The production of LuxS-dependent AI-2 in other gram-negative organisms, such as E. coli, S. enterica serovar Typhimurium, and H. pylori, is regulated by metabolic conditions and environmental stimuli such as growth phase, pH, and osmolarity (12, 41). Similarly, P. gingivalis luxS was expressed at higher levels as the cell density increased, during log-phase growth, or when the osmolarity of the growth medium was reduced to approximately half of the physiological level. Such conditions of low osmolarity may be relevant to growth in the oral cavity since saliva is a very hypotonic fluid. However, unlike the situation with S. enterica serovar Typhimurium, changes in pH did not appear to regulate luxS expression in P. gingivalis. This may simply reflect the different environmental conditions encountered by organisms indigenous to the human oral cavity and gastrointestinal tract.

Quorum-sensing systems serve to regulate a variety of physiological responses (3, 13), the production of light being only one example. Given that P. gingivalis is not capable of bioluminescence, we embarked on a series of studies to define the role of luxS in P. gingivalis. Both biofilm formation and intracellular invasive properties are associated with quorum sensing in other species (8, 39); however, the P. gingivalis luxS mutant was not impaired in these activities in our assay systems. Differential display of mRNA from parent and mutant strains revealed a potential novel role for P. gingivalis LuxS in regulating genes involved in the acquisition of hemin. The loss of LuxS activity resulted in up-regulation of a putative hemin-acquisition protein and the arginine-specific protease, RgpA. Interestingly, the RgpA protease has been suggested to play a role in increasing hemin availability by degradation of host hemin-sequestering proteins (32, 36). The mutant strain also demonstrated down-regulation of a TonB homologue and of HemR, a P. gingivalis outer membrane protein that is negatively regulated by hemin and is TonB-dependent. In P. gingivalis, hemin levels can control expression of various virulence-associated genes (14, 27, 37). In addition, the proteolytic and hemagglutination activities in P. gingivalis are intricately interconnected and affect levels of available hemin (18, 24, 28, 35).

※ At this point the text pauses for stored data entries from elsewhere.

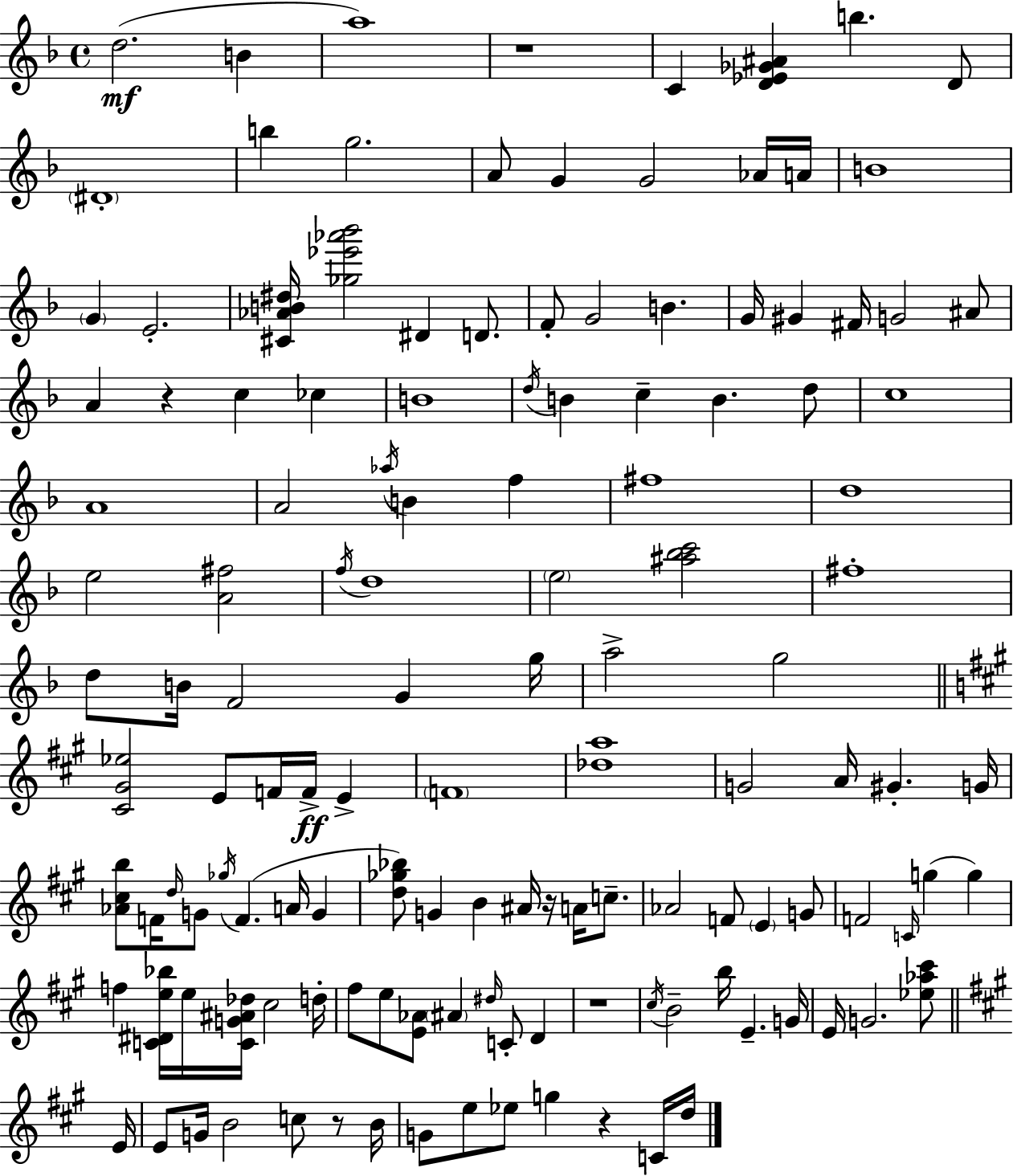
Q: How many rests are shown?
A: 6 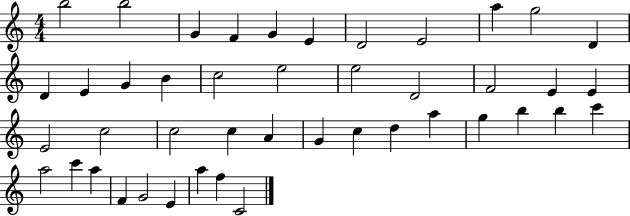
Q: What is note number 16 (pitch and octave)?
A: C5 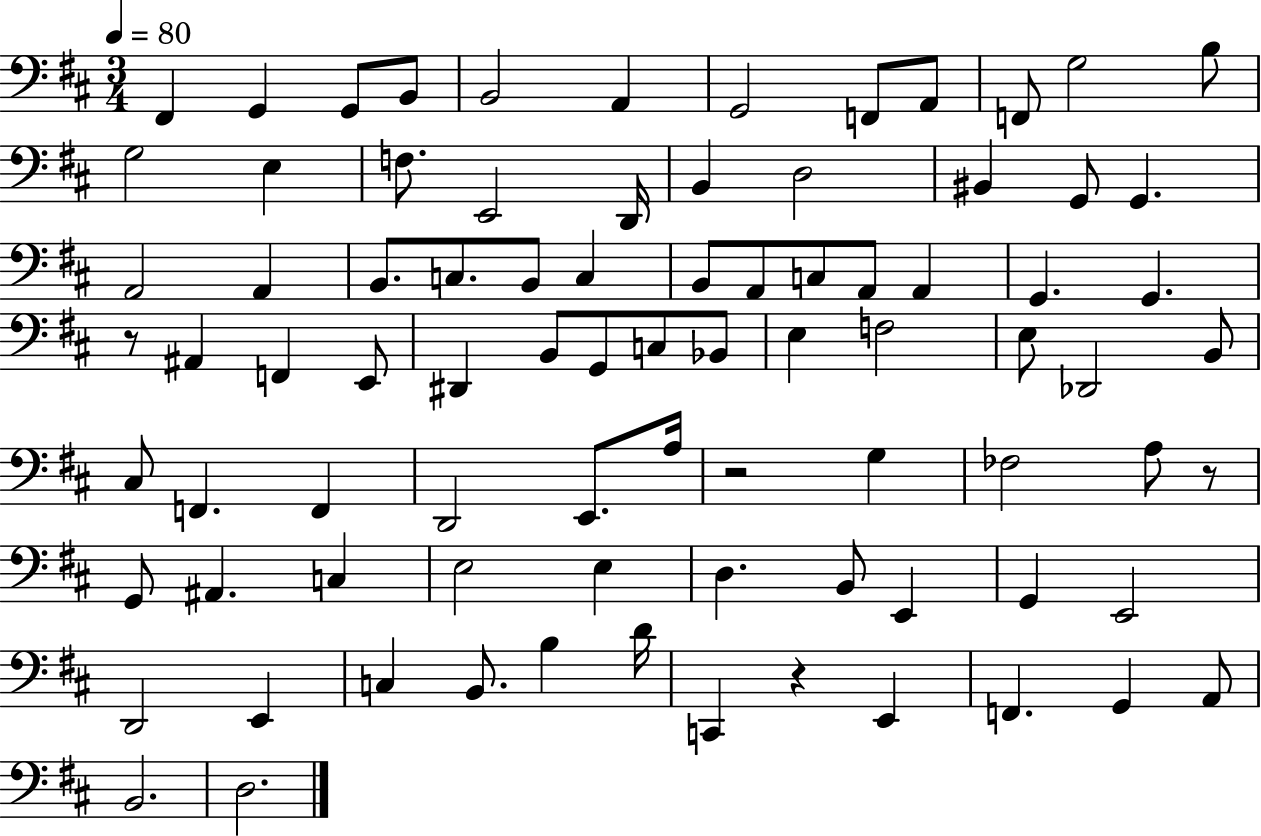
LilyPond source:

{
  \clef bass
  \numericTimeSignature
  \time 3/4
  \key d \major
  \tempo 4 = 80
  \repeat volta 2 { fis,4 g,4 g,8 b,8 | b,2 a,4 | g,2 f,8 a,8 | f,8 g2 b8 | \break g2 e4 | f8. e,2 d,16 | b,4 d2 | bis,4 g,8 g,4. | \break a,2 a,4 | b,8. c8. b,8 c4 | b,8 a,8 c8 a,8 a,4 | g,4. g,4. | \break r8 ais,4 f,4 e,8 | dis,4 b,8 g,8 c8 bes,8 | e4 f2 | e8 des,2 b,8 | \break cis8 f,4. f,4 | d,2 e,8. a16 | r2 g4 | fes2 a8 r8 | \break g,8 ais,4. c4 | e2 e4 | d4. b,8 e,4 | g,4 e,2 | \break d,2 e,4 | c4 b,8. b4 d'16 | c,4 r4 e,4 | f,4. g,4 a,8 | \break b,2. | d2. | } \bar "|."
}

This raises the possibility that LuxS is a component of a complex virulence-associated cascade that regulates iron acquisition, which, in turn, influences the expression of specific virulence genes of P. gingivalis. Such an ability to potentially modulate virulence factors through iron acquisition mechanisms sets apart the role of LuxS in P. gingivalis from any other species with a known V. harveyi-like AI-2 signaling pathway.

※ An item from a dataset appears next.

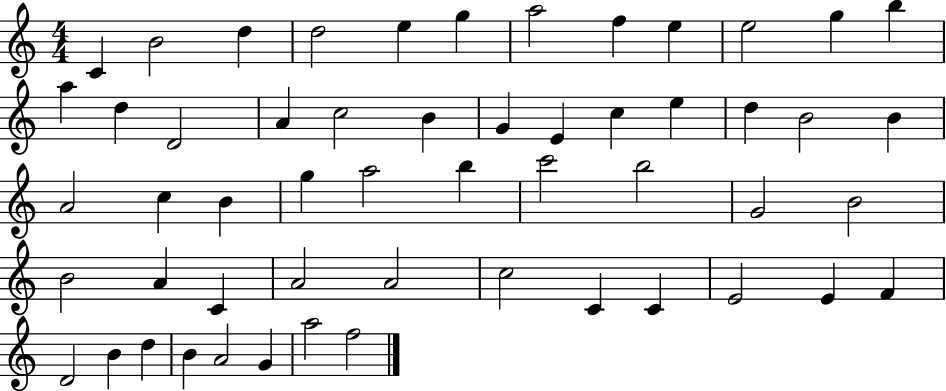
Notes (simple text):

C4/q B4/h D5/q D5/h E5/q G5/q A5/h F5/q E5/q E5/h G5/q B5/q A5/q D5/q D4/h A4/q C5/h B4/q G4/q E4/q C5/q E5/q D5/q B4/h B4/q A4/h C5/q B4/q G5/q A5/h B5/q C6/h B5/h G4/h B4/h B4/h A4/q C4/q A4/h A4/h C5/h C4/q C4/q E4/h E4/q F4/q D4/h B4/q D5/q B4/q A4/h G4/q A5/h F5/h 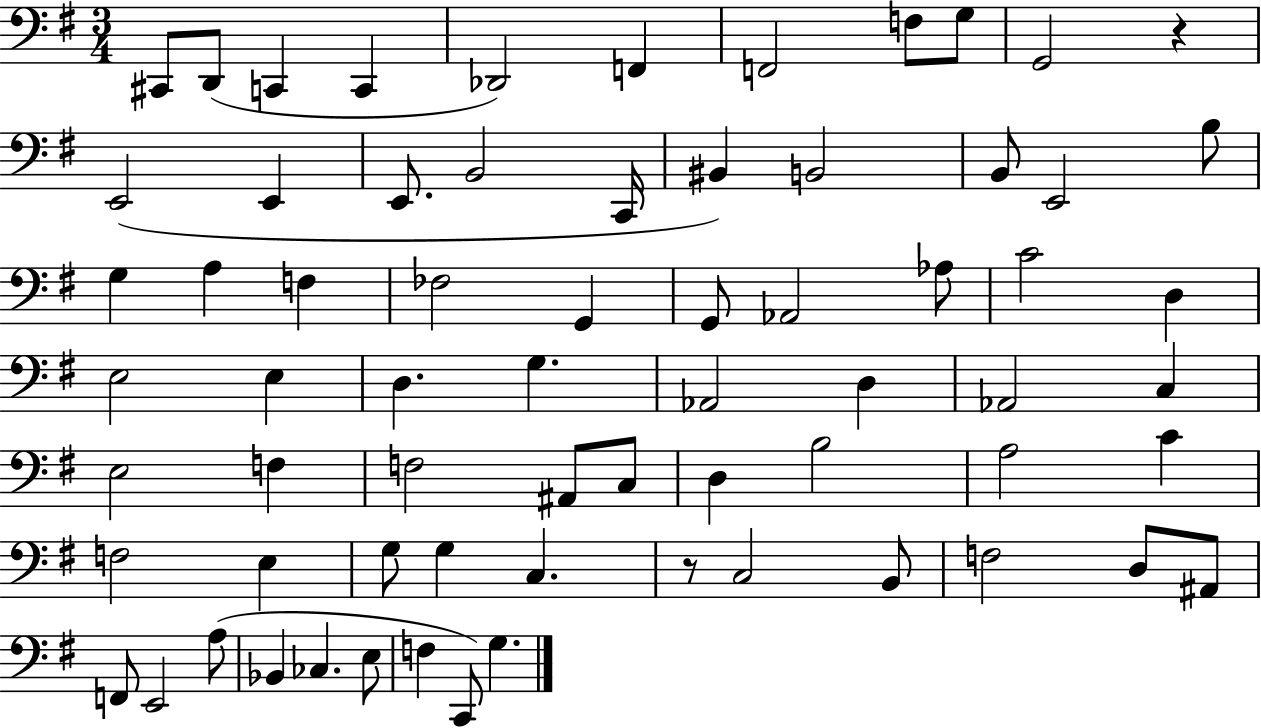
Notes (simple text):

C#2/e D2/e C2/q C2/q Db2/h F2/q F2/h F3/e G3/e G2/h R/q E2/h E2/q E2/e. B2/h C2/s BIS2/q B2/h B2/e E2/h B3/e G3/q A3/q F3/q FES3/h G2/q G2/e Ab2/h Ab3/e C4/h D3/q E3/h E3/q D3/q. G3/q. Ab2/h D3/q Ab2/h C3/q E3/h F3/q F3/h A#2/e C3/e D3/q B3/h A3/h C4/q F3/h E3/q G3/e G3/q C3/q. R/e C3/h B2/e F3/h D3/e A#2/e F2/e E2/h A3/e Bb2/q CES3/q. E3/e F3/q C2/e G3/q.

Inactivation of luxS also resulted in down-regulation of a putative ABC excinuclease, a DNA repair enzyme that catalyzes the excision of UV-damaged nucleotide segments (6). Therefore, the luxS gene may also play a role in stress response in P. gingivalis.

In summary, we have identified in P. gingivalis a functional luxS-dependent signaling pathway that can activate a quorum-sensing circuit in V. harveyi. This system is regulated in response to specific growth and environmental stimuli and may play a role in regulating the expression of specific genes involved in hemin acquisition by P. gingivalis.